Studies found coronavirus in PM2.5 particles, established a contamination link with a higher death rate from covid: ICMR


Citing a report linking air pollution to higher mortality in Covid-19 cases, the government said Tuesday that studies in Europe and the United States have established a connection between Covid mortality and pollution.

Professor Balram Bhargava, director general of the Indian Council for Medical Research, said that there is indeed a connection between PM2.5 particles and that the coronavirus has been found in these suspended particles. “He could also be dead,” he told News18.

Bhargava was referring to the study conducted by researchers at the Harvard TH Chan School of Public Health in Boston. The analysis was conducted in 3,000 US counties covering 98% of the population. The study found that an increase of just 1 μg / m3 in PM2.5 particles is associated with a 15% increase in the death rate from Covid-19.

A 2003 ecological study in China had shown that among five regions with 100 or more SARS cases, the fatality rate increased with worsening air pollution. In this study, the relationship between air pollution and SARS lethality was explored using an ecological study design.

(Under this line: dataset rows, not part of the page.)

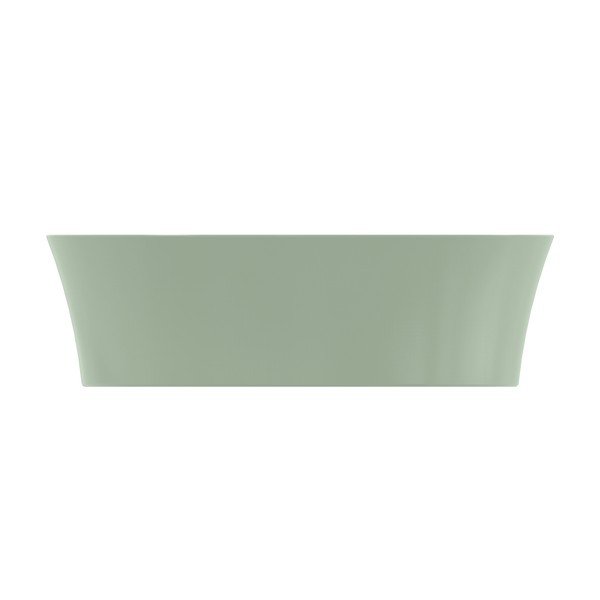 Zöld kerámia kerek mosdókagyló ø 40 cm Ipalyss – Ideal Standard-image-3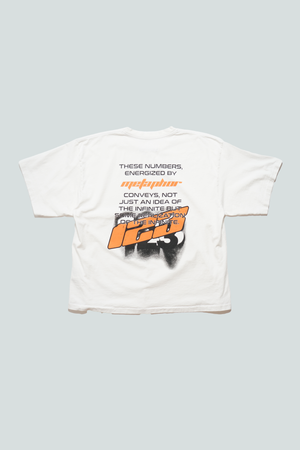 Metaphor CVA Tee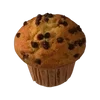 Стикер 43 Brown Food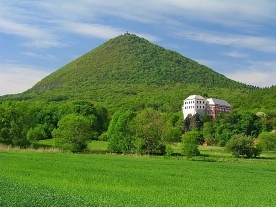 Hora Mileovka - Velemn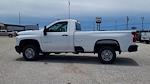 New 2025 Chevrolet Silverado 2500 Work Truck Regular Cab SRW Pickup for sale #S463 - photo 27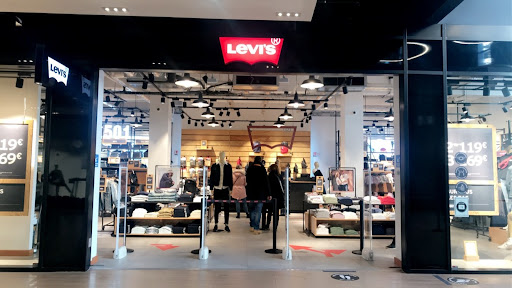 Levi's® Factory Outlet Saint Julien les Villas - Thumbnail
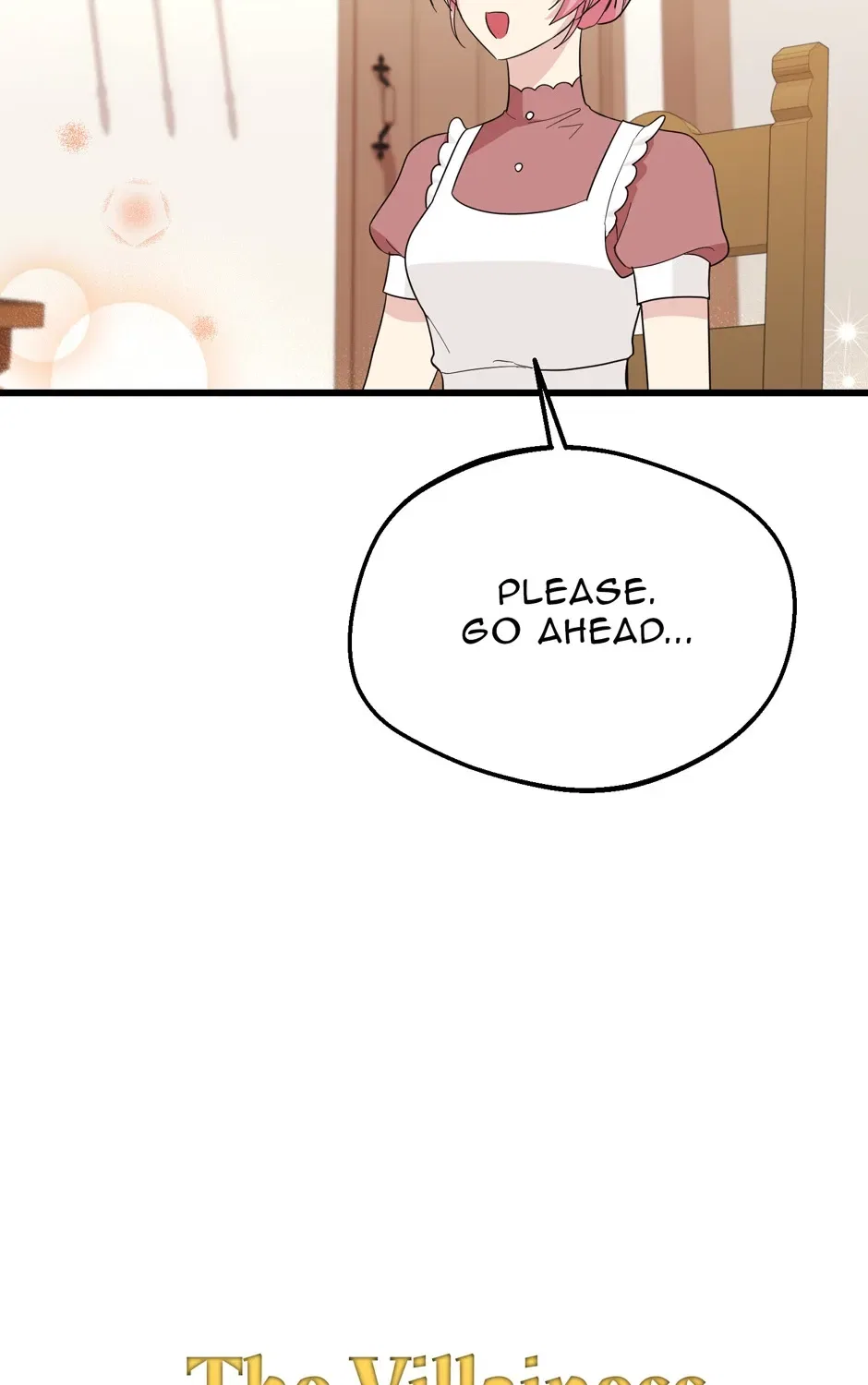 The Villainess Is Too Busy Baking Bread! Chapter 62 – Page 155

Another study conducted in Italy had found that air pollution was a major cofactor in the extremely high lethality level of SARS-CoV-2 in the northern part of the country. “The high level of contamination in northern Italy should be considered an additional cofactor of the high level of fatality recorded in that area,” the study concluded.

A study by researchers at Harvard University in the US in September showed that an increase of just one microgram per cubic meter in PM 2.5 is associated with an 8 percent increase in the death rate from Covid-19. .

“Given the current limited literature, increased PM2.5 level in Delhi may be associated with increased Covid-19 cases … Although literature is relatively sparse at this stage,” Xiao Wu, corresponding author of the study from Harvard, he told the PTI news agency.

Controlling pollution in that sense would also lead to saving people from dying from COVID 19 in the most polluted cities in India, with the national capital being one of the most affected.

India also tops the list of the 10 countries with the highest weighted average exposure to particulate matter. One hundred percent of Indians breathe toxic air, suggests a report called State of Global Air 2020.

India has been hit hard by the pandemic, with the second highest number of cases in the world. Although India’s death rate has been among the lowest in the world, the absolute figures are high, 1.20,000.

“The rapid adoption of masks is the most economical but effective approach to this situation,” said Professor Bhargava.